───── EXERCISE DATA ─────

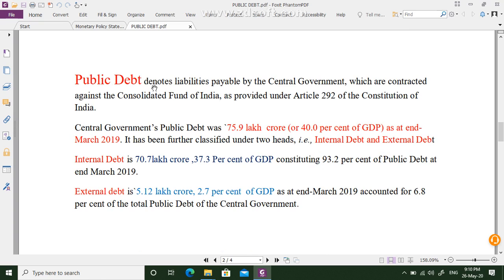Public debt denotes a liability of the central government contracted against the Consolidated Fund of India, as provided under Article 292 of the Indian Constitution. In simple terms, the Consolidated Fund of India holds the taxpayers' money — whatever amount comes in through taxes is deposited in that account. If the government wants to use the Consolidated Fund of India, Parliament's approval is necessary.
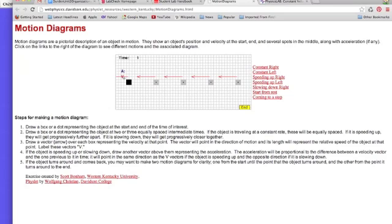So when it was moving to the right, the velocity vectors were to the right and now that it's moving to the left, the velocity vectors are to the left. Notice each of the vectors are the same length. That means the velocity is staying constant in time.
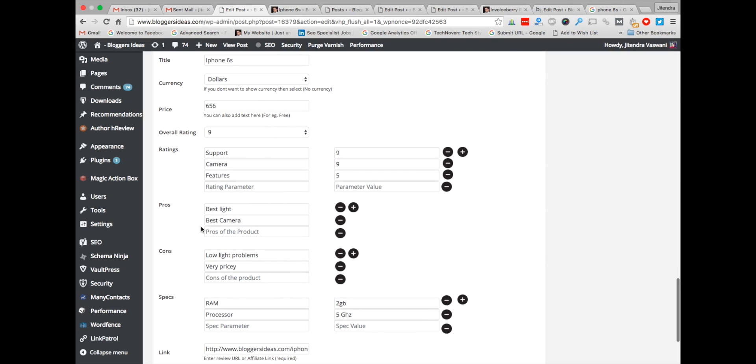And now the pros and cons — the pros and cons of the product, iPhone 6. I have chosen 'best light' and 'best camera' as pros. And cons: 'low light problems' and 'very pricey'.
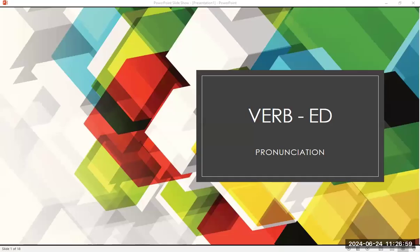Hi! This is Teacher Grace. In this video, we are going to practice the verb with the ED sound, or past tense verbs that end in ED. Let's talk about the three ways to pronounce that: /id/, /t/, and /d/. I'm going to read the present tense followed by the past tense. Now, let us begin.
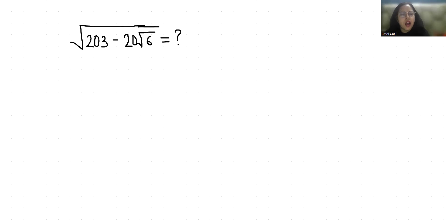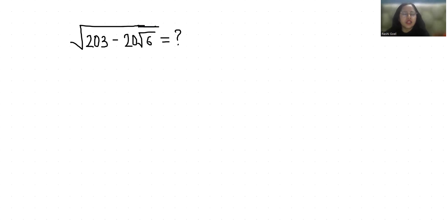My name is Rashi Goyal and in this video we are going to solve square root of 203 minus 20 root 6. So let's start with today's video solution.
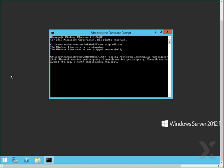Once they've all been entered, we'll hit Enter. The command completed successfully. Now you need to inform the server that these are reliable time servers and that it can be used to send time synchronization out to the rest of the domain.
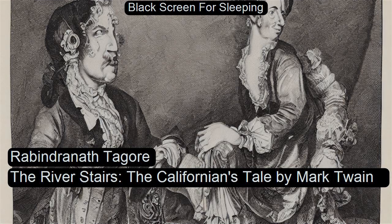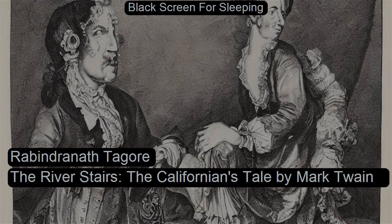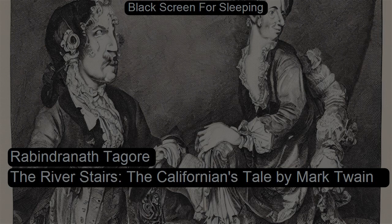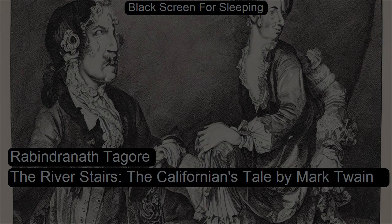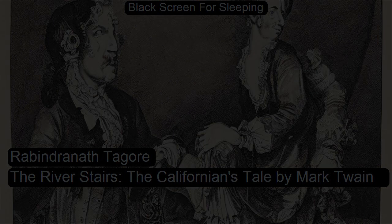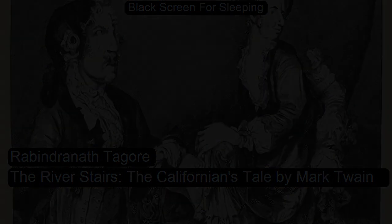The River Stairs by Rabindranath Tagore. Read for Love Stories Volume 3 by Anamika. This LibriVox recording is in the public domain. The River Stairs by Rabindranath Tagore.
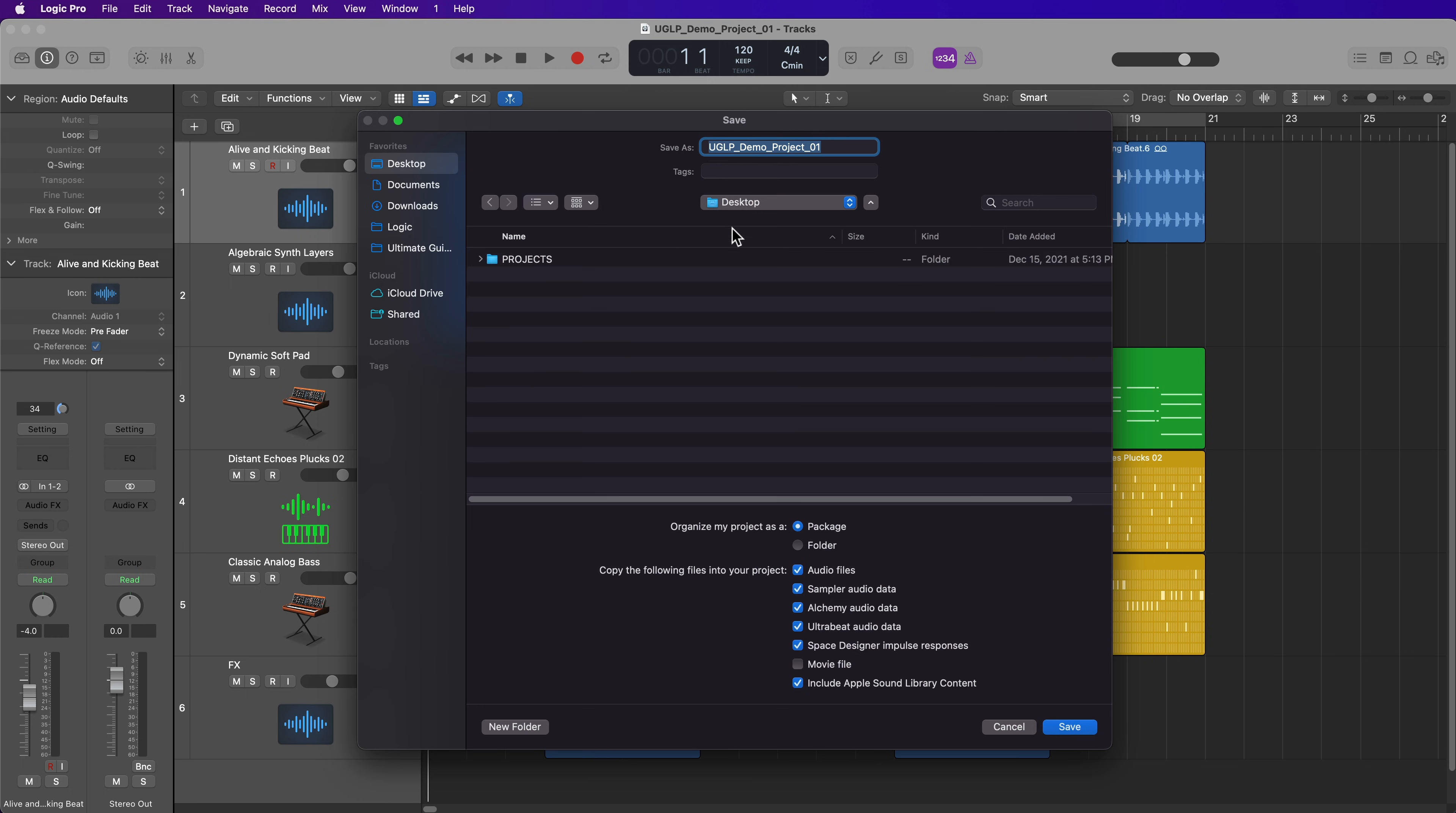I'm going to go ahead and do that and I'll just call this Demo Project 1. Now down at the bottom, there are two options to organize your project. You can organize these as a package or a folder. I'm going to do both, but first let me explain these other options down here.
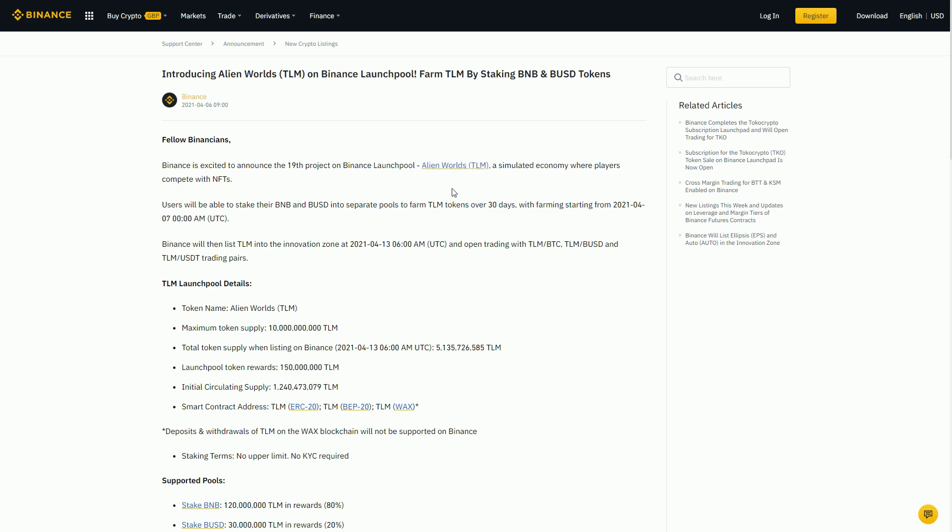Alien Worlds is interesting in the sense that it is a game that is already live. It's been live for kind of three months now running on the WAX blockchain. It's an idle game, so it's not particularly exciting. You're basically mining these tokens, this TLM token. You can mine it quicker if you buy better NFTs and equip them.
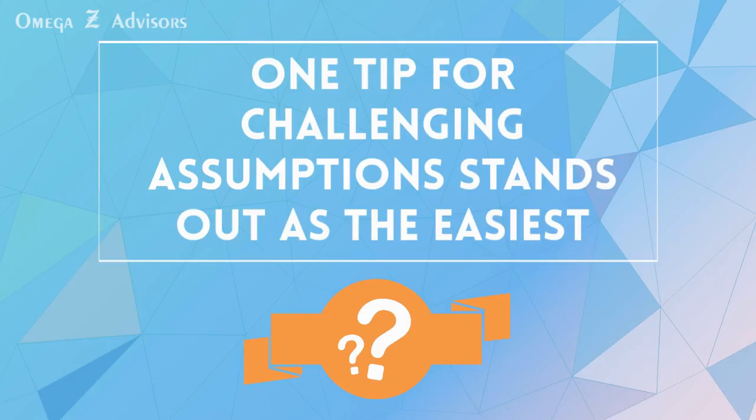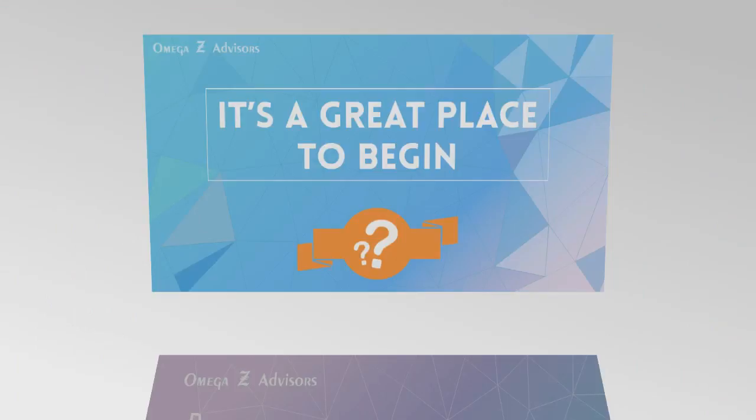So become a better problem-solver now. Go to my post, without question, easiest tip to challenge assumptions like a pro.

─────

[WORK REQUIRED]
With pictures omitted, repeat the entries above word for word from the line holding "The River Stairs by Rabindranath Tagore. Read" down to the line holding "Alien Worlds is", keeping both of those lines.

[EXERCISE RESPONSE]
The River Stairs by Rabindranath Tagore. Read for Love Stories Volume 3 by Anamika. This LibriVox recording is in the public domain. The River Stairs by Rabindranath Tagore.
I'm going to go ahead and do that and I'll just call this Demo Project 1. Now down at the bottom, there are two options to organize your project. You can organize these as a package or a folder. I'm going to do both, but first let me explain these other options down here.
Alien Worlds is interesting in the sense that it is a game that is already live. It's been live for kind of three months now running on the WAX blockchain. It's an idle game, so it's not particularly exciting. You're basically mining these tokens, this TLM token. You can mine it quicker if you buy better NFTs and equip them.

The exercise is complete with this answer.